Share / Discuss

Values and Action

When I arrived at Swarthmore in fall 1976, I was unaware of an existing connection with the College, one that began years before I was born. According to family lore, my parents’ first date included a production of South Pacific. Regardless, my siblings and I were raised in the spirit of “You’ve Got to Be Carefully Taught,” never learning “ … to hate all the people your relatives hate.” Only later did I discover the links between South Pacific, James Michener ’29, and Swarthmore. I eventually learned that Michener and Rodgers and Hammerstein considered the song to be “the guts of the show.” I do not know whether Michener’s anti-prejudice value was learned or strengthened at Swarthmore. Nonetheless, I was learning Swarthmore values for years, even though I didn’t hear of Swarthmore until I was 16.

Rather presumptuously, I see parallels between Michener and myself. I am not the talented writer he was, but we both entered the Navy Reserves far later than most, he at 34 and I at 36. I also gather we shared an ambivalence about the moral use of military power and war.

Swarthmore taught me to consider complex questions and understand that questions may have straightforward answers although rarely simple or facile ones.
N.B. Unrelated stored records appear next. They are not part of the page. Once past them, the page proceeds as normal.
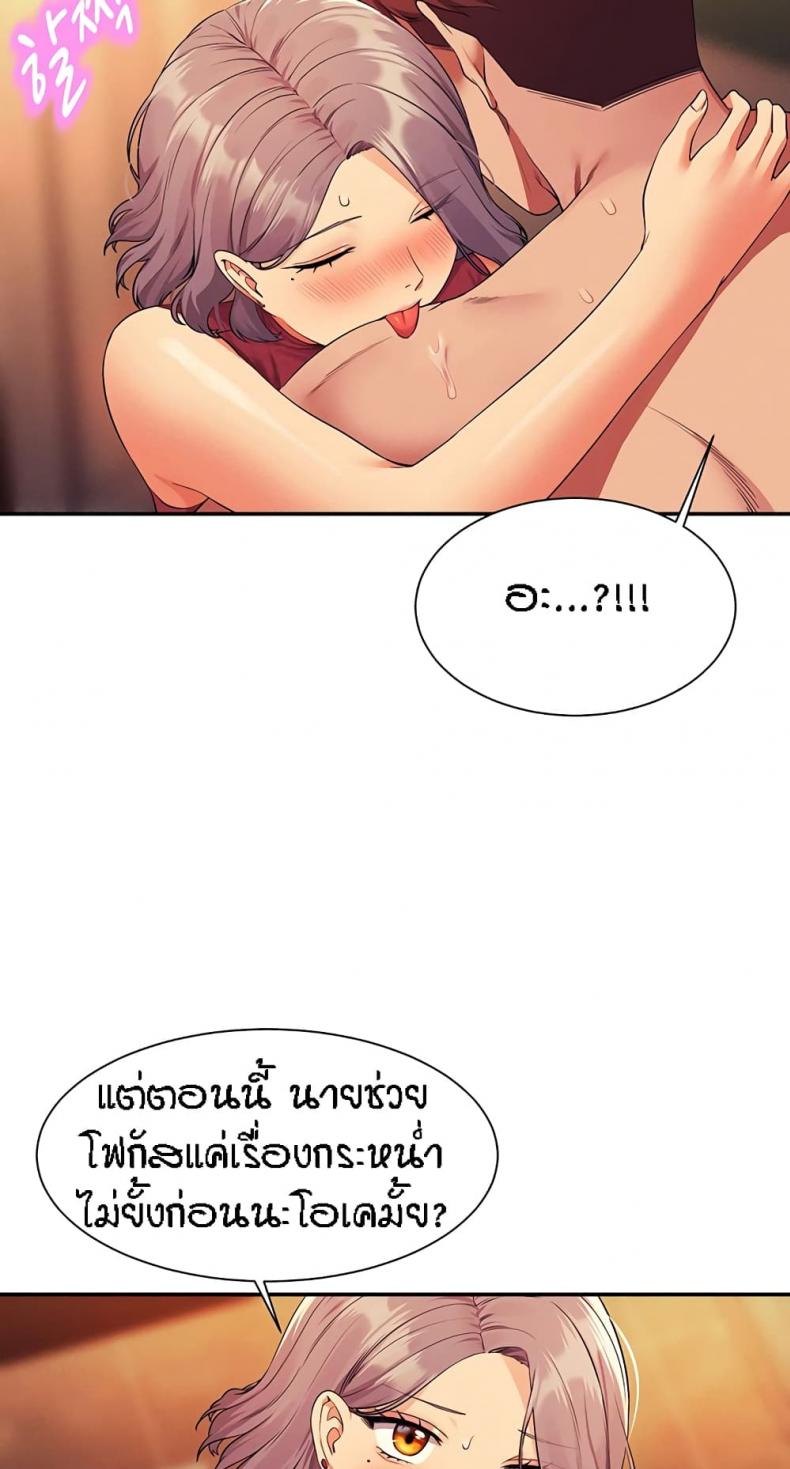 page-23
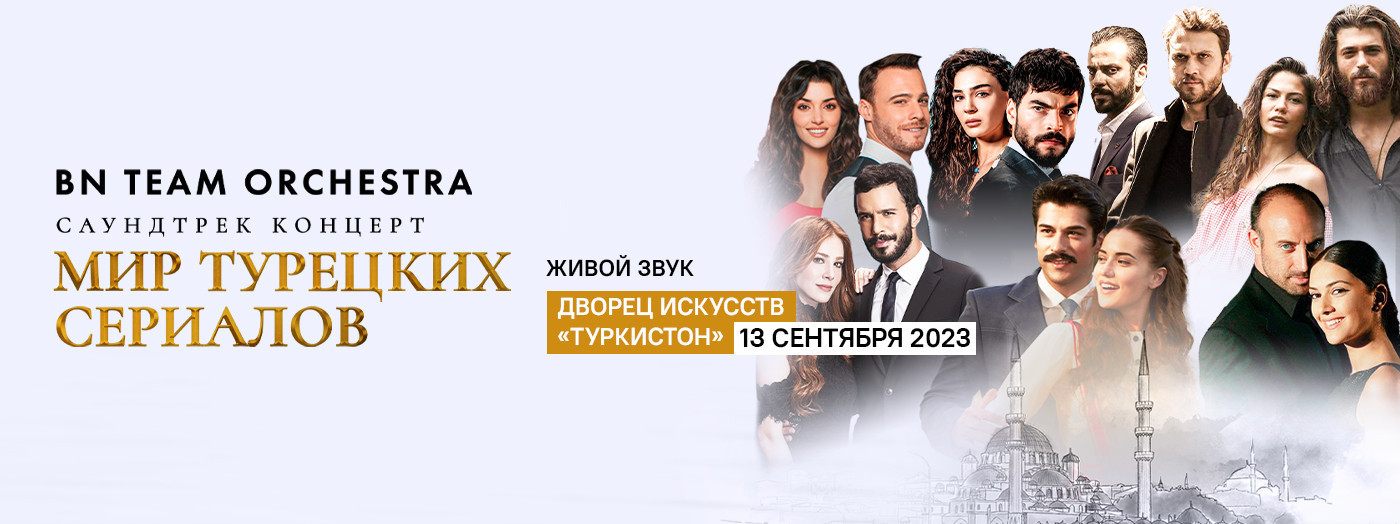 МИР ТУРЕЦКИХ СЕРИАЛОВ
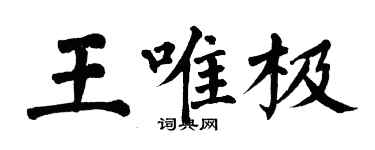 翁闓運王唯極楷書個性簽名怎么寫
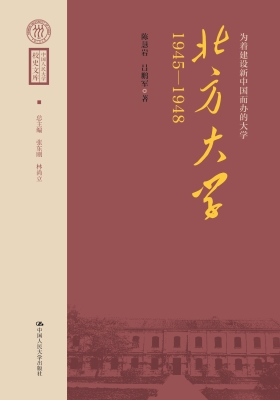 为着建设新中国而办的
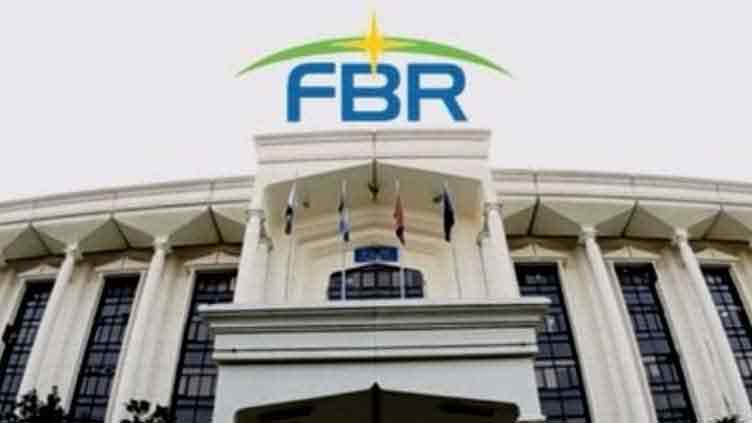 Fbr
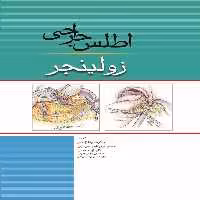 اطلس جراحی زولینجر 2022
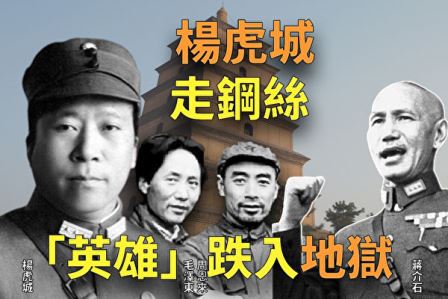 《欺世大观》杨虎城走钢丝 “英雄”跌入地狱-1984bbs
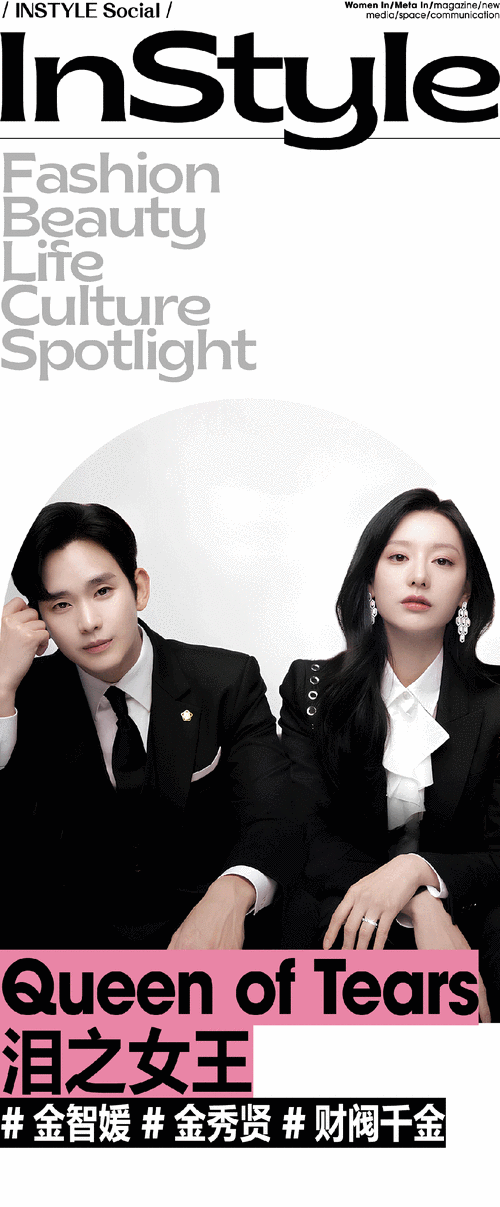 都敏俊|金智媛_新浪新闻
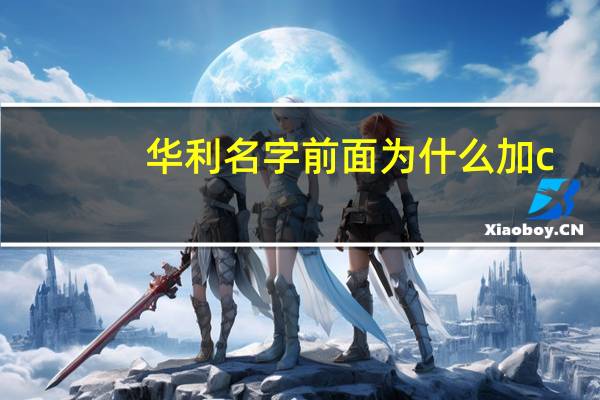 华利名字前面为什么加c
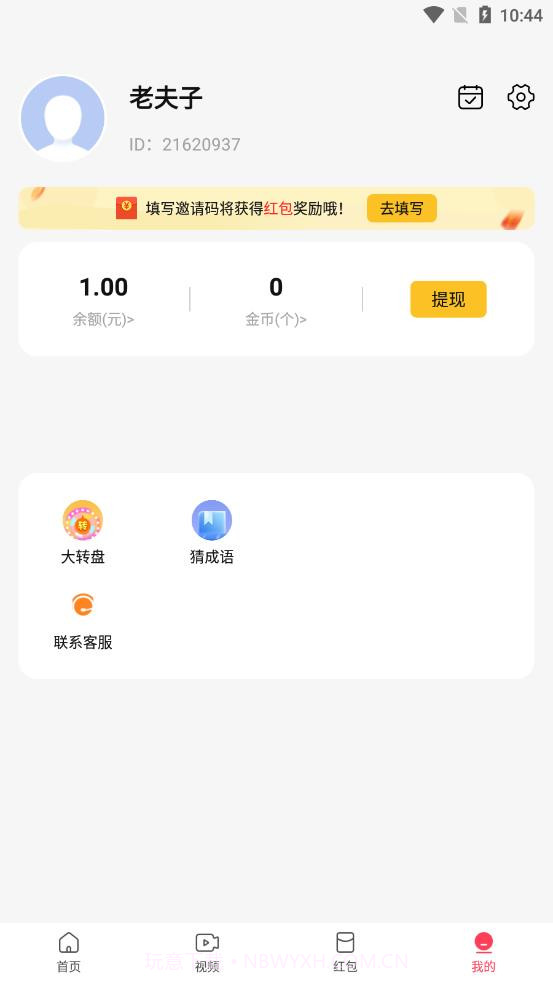 村委会截图4 村委会截图4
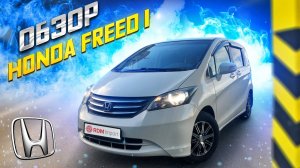 Хонда Фрид | Как выбрать идеальный вариант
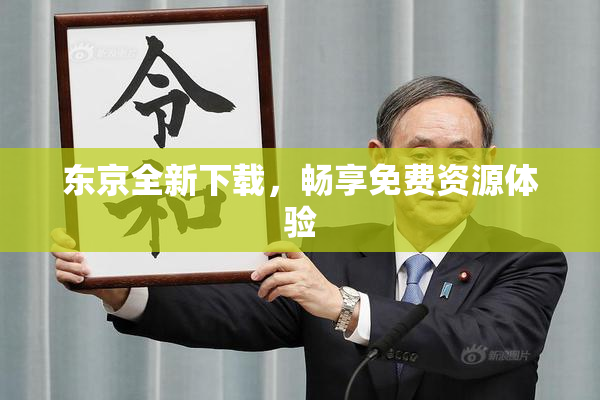 东京全新下载，畅享免费资源体验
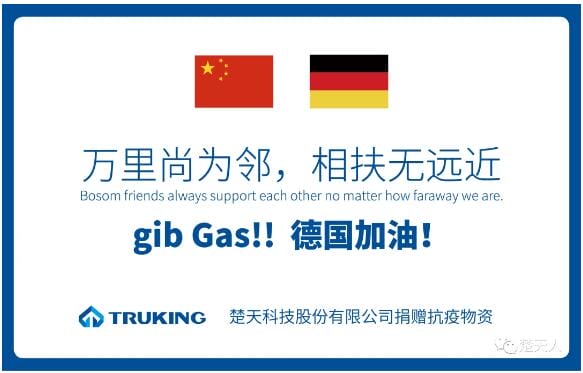 萬(wàn)里尚為鄰，相扶無(wú)遠(yuǎn)近——楚天科技捐贈(zèng)德國(guó)抗疫物資3月20日啟運(yùn)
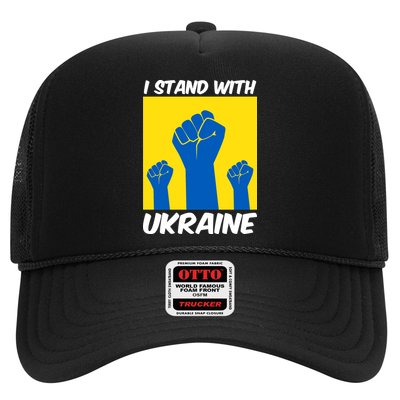 I Stand With Ukraine Fist Trucker Hat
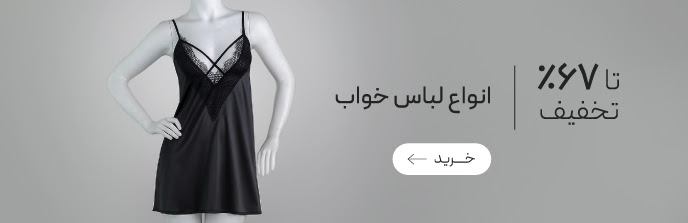 خرید انواع لباس خواب زنانه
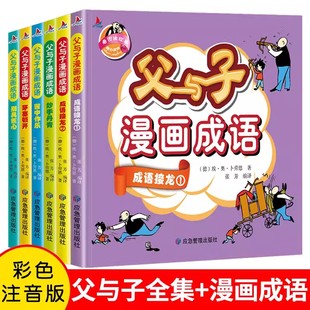儿童绘本连环画6 点读小学生彩图版 10岁带拼音小学生二年级上册课外阅读书籍亲子阅读扫码 绘本图 父与子书全集漫画书彩色注音版
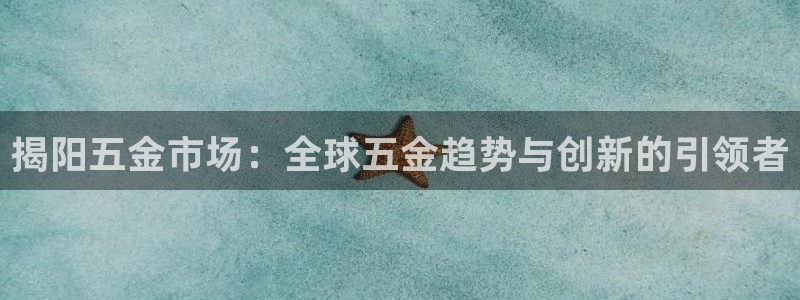 琳琅娱乐平台怎么样可靠吗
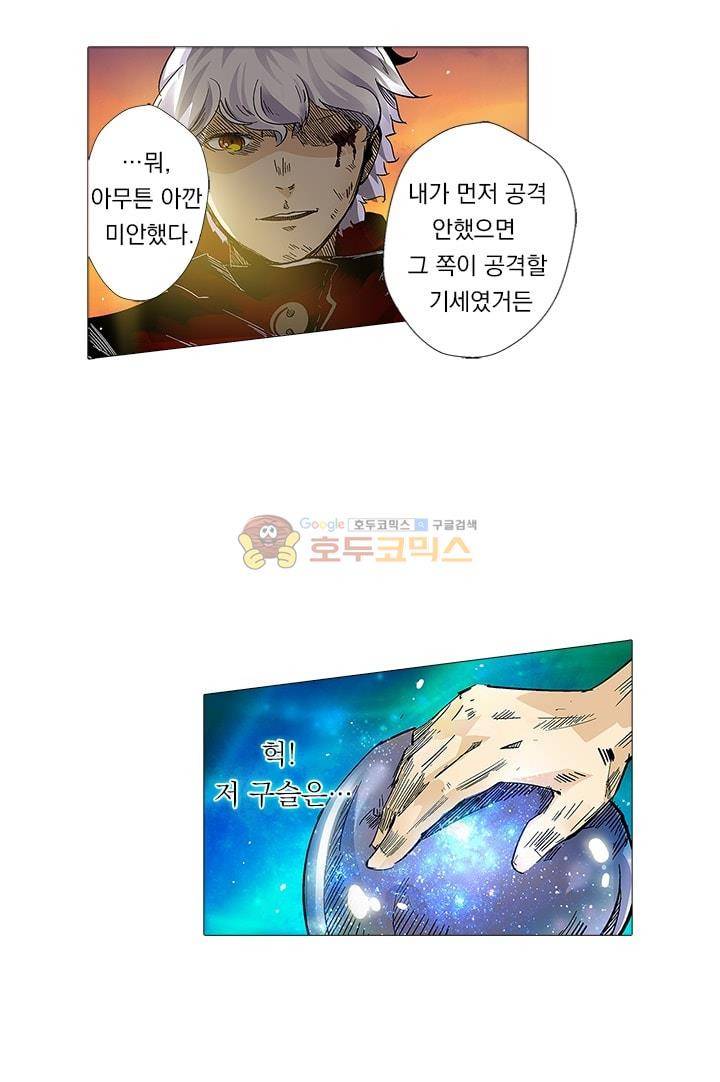 시어스톤:수련4만년 3화 2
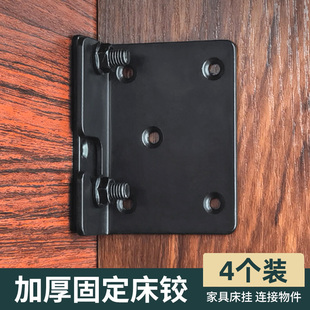 加厚床配件五金重型橱柜吊码家具连接件木床固定扣件床挂床架铰链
Straightforward answers reflect moral clarity. Simple or facile ones are indicative of intellectual laziness or demagoguery. I learned that morality and power are not mutually exclusive, although Lord Acton’s oft-misquoted caution, “Power tends to corrupt ... ” remains valid. His point is frequently lost in our current age, which delights in cynicism (although the Cynics were quite different from our modern claimants to that title).

Simply put, Swarthmore taught me that truth, justice, and the American Way were real and good things, despite their association with both a cartoon and generations of power-hungry politicians. At Swarthmore, my professors and fellow students encouraged me to love my country—despite its failings—for what it could be and what it aspired to be. Though patriotism is a terribly unfashionable word, I must say that what I learned encouraged me to be a patriot—loving my country for what it can be and seeking to correct its failings.

Patriotism drove my decision to serve the country that gave me so much. In my nearly 20 years in the military, I have never fired a weapon except on a practice range. I have served in uniform at the Pentagon (1998–2002), in Bahrain (2003–2004), at the Office of Naval Intelligence (2005), and two tours in Afghanistan and the United States as part of the Afghanistan/Pakistan Hands program (2010–2015). As a civilian, I have worked in the U.S. and Iraq, supporting counterinsurgency and anti-terrorist finance efforts. I am certain that at least some of my intelligence analyses supporting conflicts in Iraq, Somalia, Afghanistan, and North Africa led to people’s deaths. This is not an easy thing to contemplate, nor should it be. 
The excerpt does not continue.